Aşk bildiğimiz gibi sınır tanımaz. Ancak devrim öncesi Rusya'da bu tür sınırlar mevcuttu ve yasalarla sıkı bir şekilde korunuyordu. kamuoyu. Bir asilzadenin köylü bir kadınla fiziksel ilişkisi yasak değildi, ancak baştan çıkan kadının kaderi kıskanılacak bir şey değildi. İÇİNDE en iyi senaryo tutulan bir kadın oldu ve yalnızca efendisinin birlikte sahip oldukları çocukları evlat edinmesini umut edebilirdi.

Başlangıçta aşk hikayesi Erast, "Liza ile bir erkek ve kız kardeş gibi yaşayacağını", onu köyüne götüreceğini vb. Hayal ederek aptalca davranır. Finalde sözlerini unutur ve asil kökeninin ona söylediği gibi yapar.

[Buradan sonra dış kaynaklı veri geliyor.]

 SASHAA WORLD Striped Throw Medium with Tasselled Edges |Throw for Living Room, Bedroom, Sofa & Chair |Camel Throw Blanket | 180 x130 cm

Aldatılan ve şerefi lekelenen Lisa ölmeyi ve aşkını ve utanç verici sırrını mezara götürmeyi tercih eder.

Kompozisyon

Hikâyenin açık bir klasik yapısı vardır: Açıklama (yazarın ara söz, Lisa'nın hikayesine sorunsuz geçiş), başlangıç ​​(Lisa'nın Erast ile buluşması), doruk (aşıklar arasındaki fiziksel yakınlık) ve sonuç (Erast'ın ihaneti ve Lisa'nın intiharı).

Yazarın öğrettikleri

Lisa'nın hikayesi talihsiz kıza büyük bir acıma duygusu uyandırıyor. Trajedinin asıl suçlusu elbette aşk ilgisinin sonuçlarını ciddi şekilde düşünmek zorunda kalan dikkatsiz Erast'tır.

Editörün Seçimi
Finansal okuryazarlığı geliştirmek neden maddi refahı iyileştirmenin en önemli ön koşuludur? Neler...

Bu yazıda yeni başlayanlar için kendi ellerinizle fondanlı pastanın nasıl yapılacağı hakkında detaylı olarak konuşacağız. Şeker sakızı bir üründür...

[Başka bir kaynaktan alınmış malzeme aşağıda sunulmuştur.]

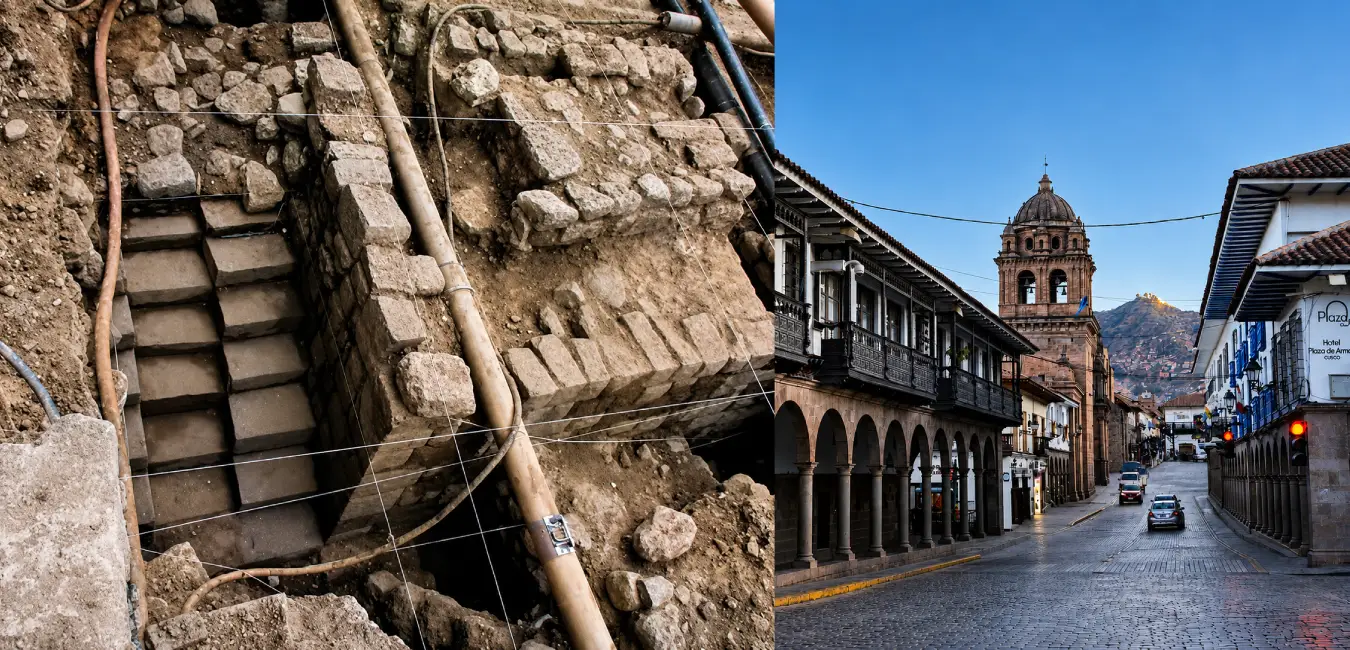  Mantas Street during the excavation at Plaza de Armas, Cusco.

PepsiCo küresel bir yeniden markalaşmaya başladı. (yaklaşık 1,2 milyar dolar). Şirket, yüzyılı aşkın tarihinde ilk kez radikal bir şekilde...

Dünyada bu kök sebzeden yapılan yemeklerin kaç tarifinin bulunduğunu saymak zor ama kızartılmış...
Kırmızı havyarın değeri sadece faydalarında değil, aynı zamanda mükemmel tadında da yatmaktadır. Ürün pişirilirse...
Duamızın yeri yalnızca Tanrı'nın tapınağı olamaz ve kutsama yalnızca rahibin aracılığıyla bahşedilemez...
Doyurucu karabuğday pirzolaları her zaman bütçeye uygun, sağlıklı bir ana yemektir. Lezzetli olması için hiçbir şeyden kaçınmanıza gerek yok.
Rüyada gökkuşağı gören herkes, gerçek hayatta iyi şanslar ve neşe beklememelidir. Makale size hangi durumlarda gökkuşağını hayal ettiğinizi anlatacak...
Çoğu zaman rüyalarımızda akrabalar belirir - anne, baba, büyükanne ve büyükbaba... Neden kardeşini rüyanda görüyorsun? Rüyada kardeşini görmek ne anlama gelir?